Tuesday, 21 February 2012

The Muppets

These guys need no introduction. Except perhaps: it’s time to play the music, it’s time to light the lights, it’s time to meet the muppets on The Muppet Show tonight. And indeed this is exactly how we see them, putting on a show at The Muppet Theatre. The Muppets is a throwback to earlier more successful works (and that certainly includes the TV show), embracing all that worked before. Their last outing was 1999‘s Muppets from Space. This is far more pared-down and foregoes any unnecessary guff and gimmicks. It has resulted in a much purer work that has delighted both fans and critics around the world.

It starts with Gary (Jason Segel) growing up next to his brother Walter in Smalltown, USA. While it is noted there’s something different about Walter, nobody mentions the fact that he’s a muppet. Gary sets off on a romantic excursion to LA with Mary (Amy Adams) to celebrate their anniversary. They also bring Walter. On a guided tour of The Muppet Theatre they find that dastardly oil magnate Tex Richman (Chris Cooper) has discovered oil under the theatre. The only way to stop him from destroying the place is to reunite the Muppets and put on a telethon to save it.
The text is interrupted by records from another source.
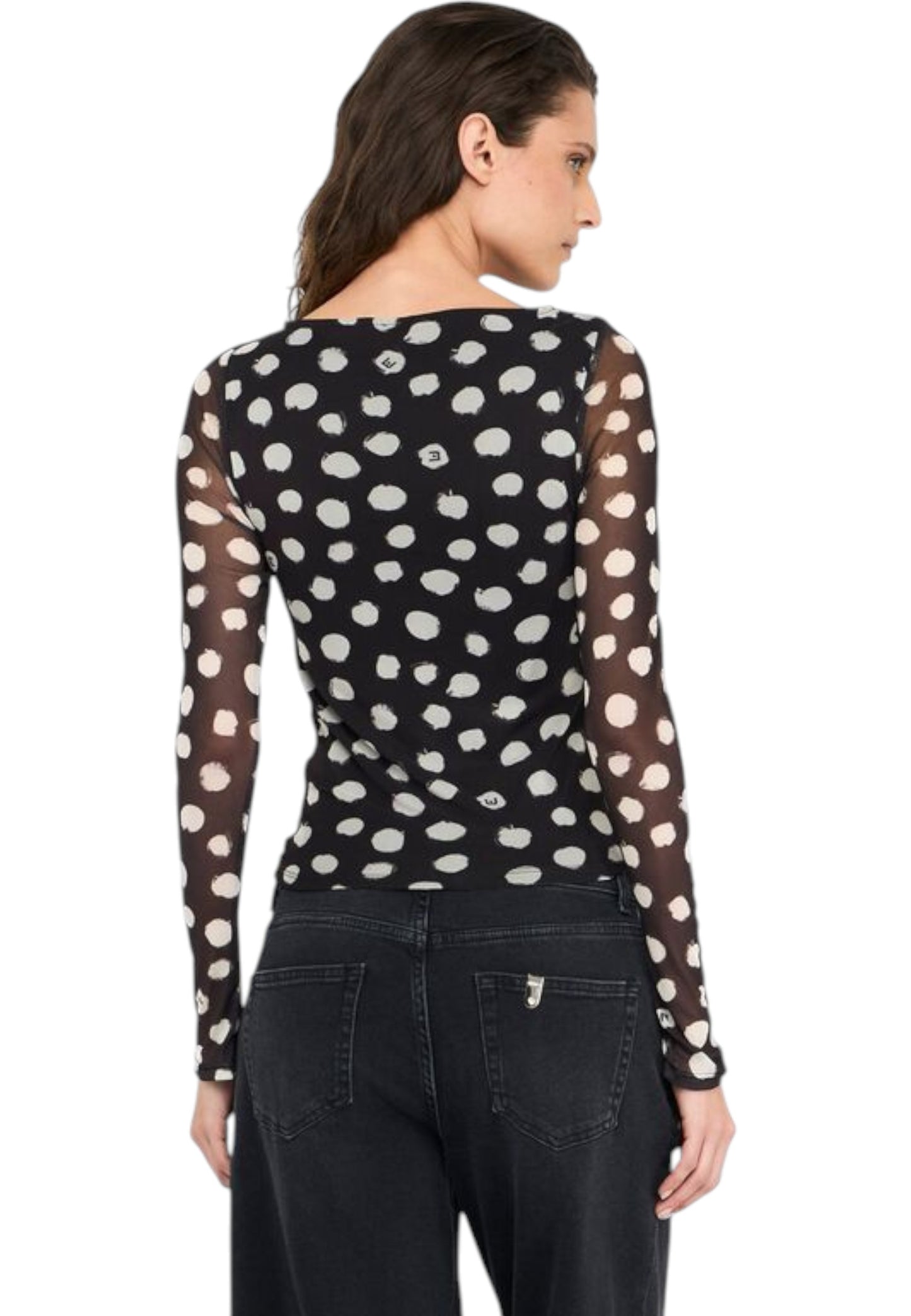 T-Shirt Manica lunga Donna Liu Jo  Pois Snow White UF5269JS007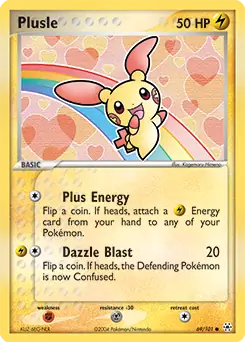 Plusle Pokemon card from Hidden Legends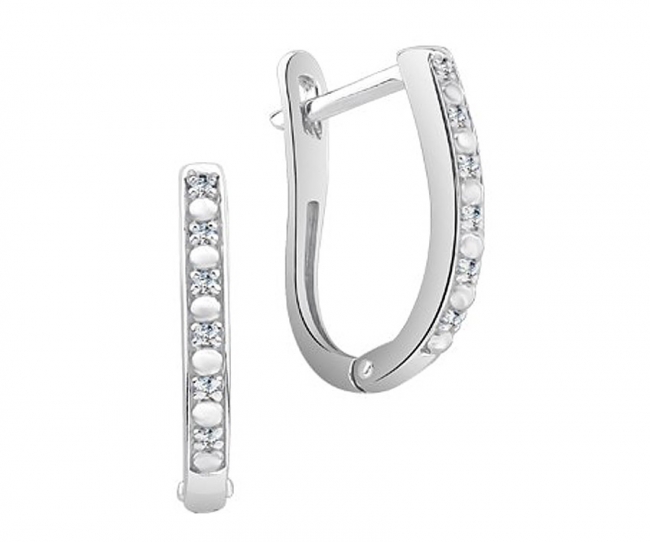 Серьги из серебра с камнем Фианит фото, цены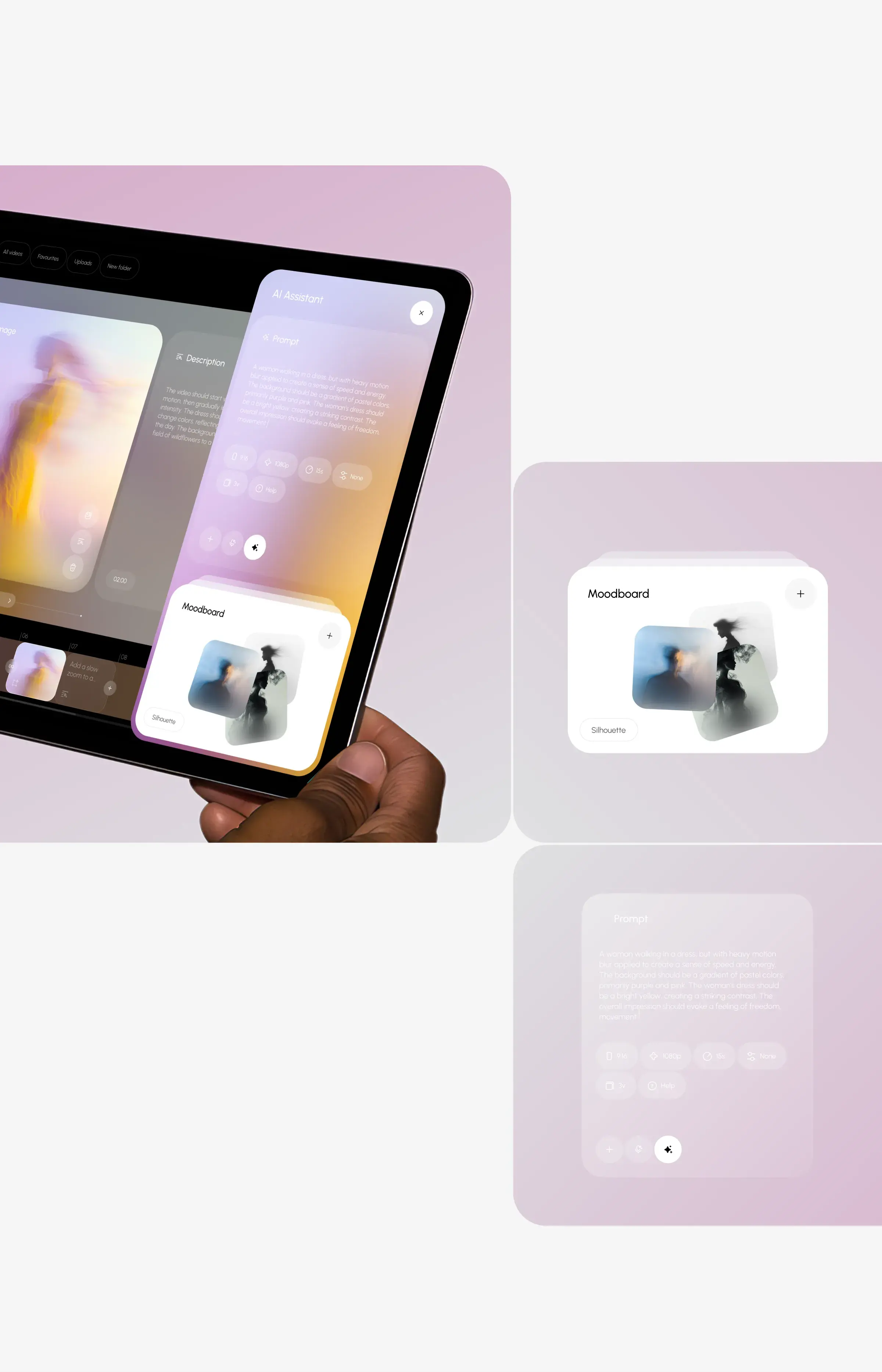 Concept UI design for AI video creation shown on a tablet.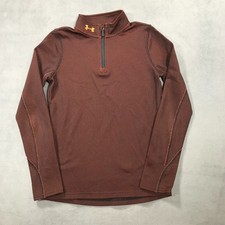 Under Armour 1/4 Zip Pullover Boys Youth Medium Orange Long Sleeve Golf Fitted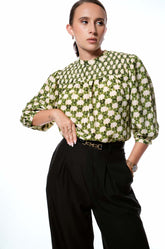 SMOCKING DETAILED TOP - GREEN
The film is peppered with celebrity cameos but they are not given a chance to dominate. Some of them barely get a look in (let alone a line). The stars of this show are the muppets themselves. The key humans play it nicely opposite their fuzzy counterparts: Jason Segel delivers just the right balance of average Joe and wide-eyed wonder to make it work, while Amy Adams seems perfectly at home in another Disneyfied setting. The songs have a sensational energy to them. For this, credit should be given to director James Bobin, no stranger to a musical number having directed Flight of the Conchords, and to Bret McKenzie himself (of Conchords fame), who wrote the music. One of the songs, Man or Muppet has even been nominated for an Oscar.

While the film’s outlook is sweet and un-cynical, it’s a very knowing script, filled with self-reflexive humour. (Along with Nicholas Stoller, Jason Segel also takes a writing credit.) This adds to the film’s charm and makes for a peculiarly joyful film experience.

1 comment:

  1. This was good a Muppet film as anyone could hope for. Hell it's a film as anyone could hope for.